*Exercise*.
In the data below, set down exactly the lines from the one containing "Hey guys, I" up to and including the one containing "This is your". Leave the pictures out.

*Data for review*.

○ ○ ○ ○ ○

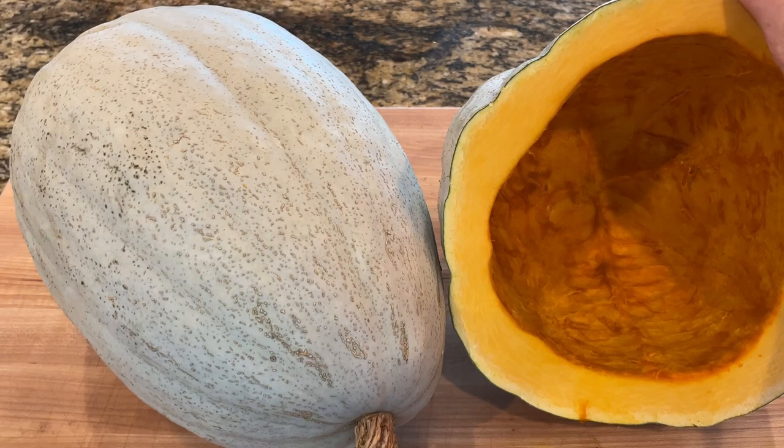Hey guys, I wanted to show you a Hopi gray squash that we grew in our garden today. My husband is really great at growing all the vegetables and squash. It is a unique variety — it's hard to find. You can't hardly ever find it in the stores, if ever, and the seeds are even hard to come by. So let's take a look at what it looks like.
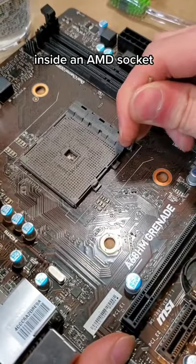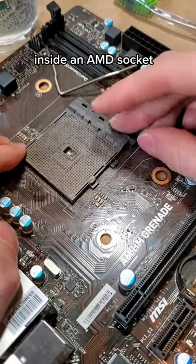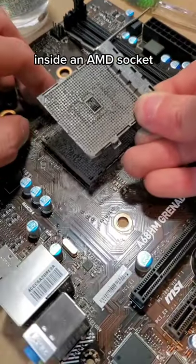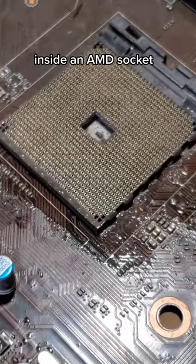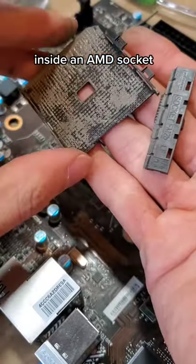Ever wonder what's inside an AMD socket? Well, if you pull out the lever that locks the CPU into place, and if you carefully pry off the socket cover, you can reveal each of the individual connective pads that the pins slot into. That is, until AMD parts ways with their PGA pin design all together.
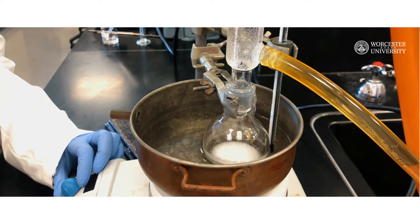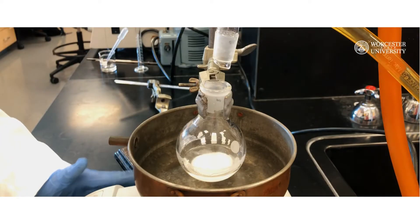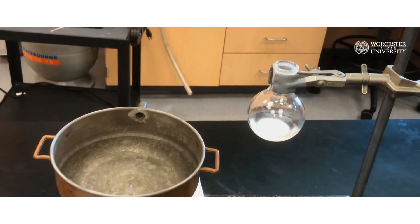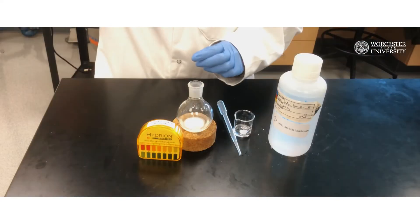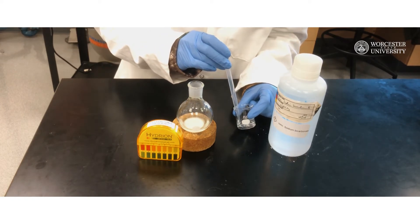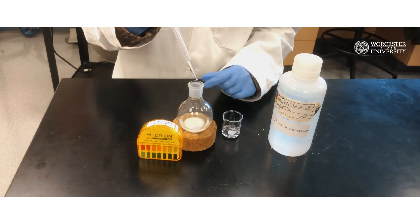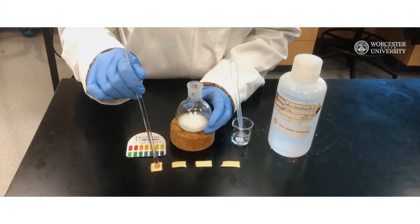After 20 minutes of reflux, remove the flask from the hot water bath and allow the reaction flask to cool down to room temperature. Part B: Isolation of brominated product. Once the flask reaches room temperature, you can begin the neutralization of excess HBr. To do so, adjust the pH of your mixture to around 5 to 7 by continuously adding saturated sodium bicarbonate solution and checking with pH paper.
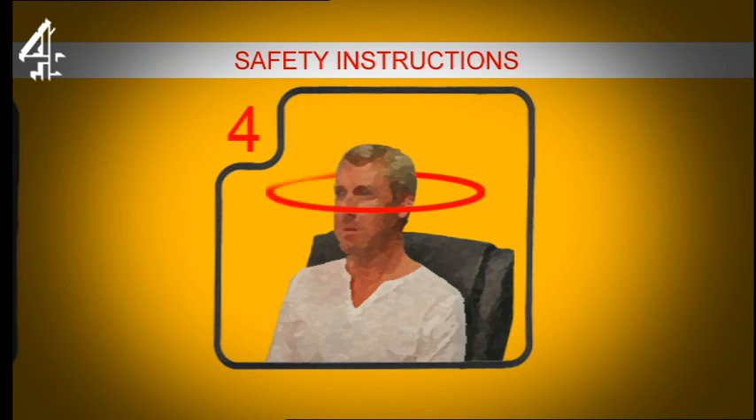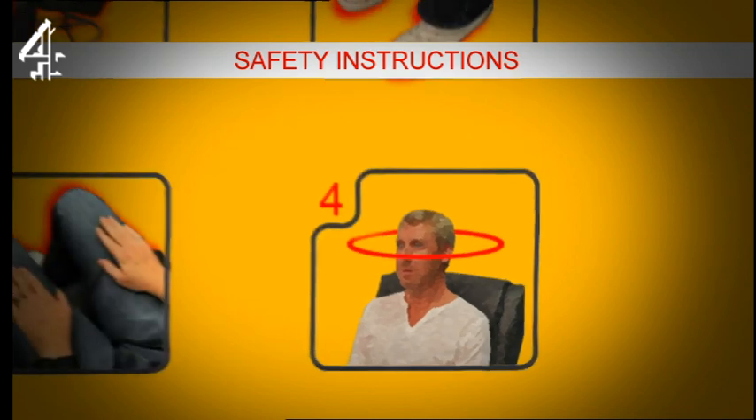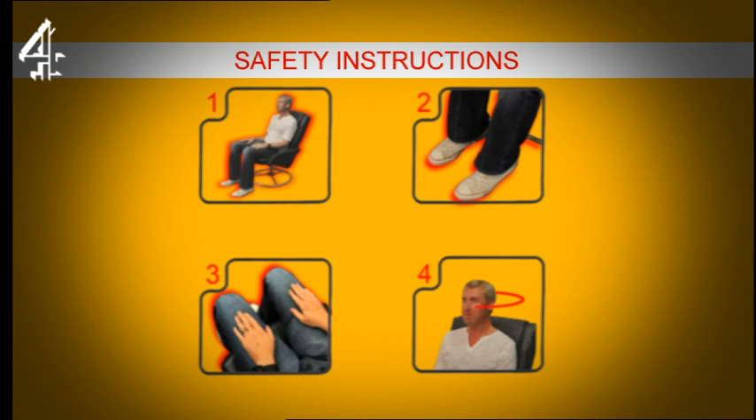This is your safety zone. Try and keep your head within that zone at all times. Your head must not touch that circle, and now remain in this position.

○ ○ ○ ○ ○

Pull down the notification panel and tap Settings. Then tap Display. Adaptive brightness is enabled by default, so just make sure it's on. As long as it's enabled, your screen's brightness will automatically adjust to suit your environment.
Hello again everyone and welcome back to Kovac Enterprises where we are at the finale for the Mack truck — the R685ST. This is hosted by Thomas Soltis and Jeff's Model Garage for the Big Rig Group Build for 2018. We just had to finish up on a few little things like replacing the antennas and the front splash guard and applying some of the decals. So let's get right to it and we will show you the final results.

○ ○ ○ ○ ○

*Response to the task*.
Hey guys, I wanted to show you a Hopi gray squash that we grew in our garden today. My husband is really great at growing all the vegetables and squash. It is a unique variety — it's hard to find. You can't hardly ever find it in the stores, if ever, and the seeds are even hard to come by. So let's take a look at what it looks like.
Ever wonder what's inside an AMD socket? Well, if you pull out the lever that locks the CPU into place, and if you carefully pry off the socket cover, you can reveal each of the individual connective pads that the pins slot into. That is, until AMD parts ways with their PGA pin design all together.
After 20 minutes of reflux, remove the flask from the hot water bath and allow the reaction flask to cool down to room temperature. Part B: Isolation of brominated product. Once the flask reaches room temperature, you can begin the neutralization of excess HBr. To do so, adjust the pH of your mixture to around 5 to 7 by continuously adding saturated sodium bicarbonate solution and checking with pH paper.
This is your safety zone. Try and keep your head within that zone at all times. Your head must not touch that circle, and now remain in this position.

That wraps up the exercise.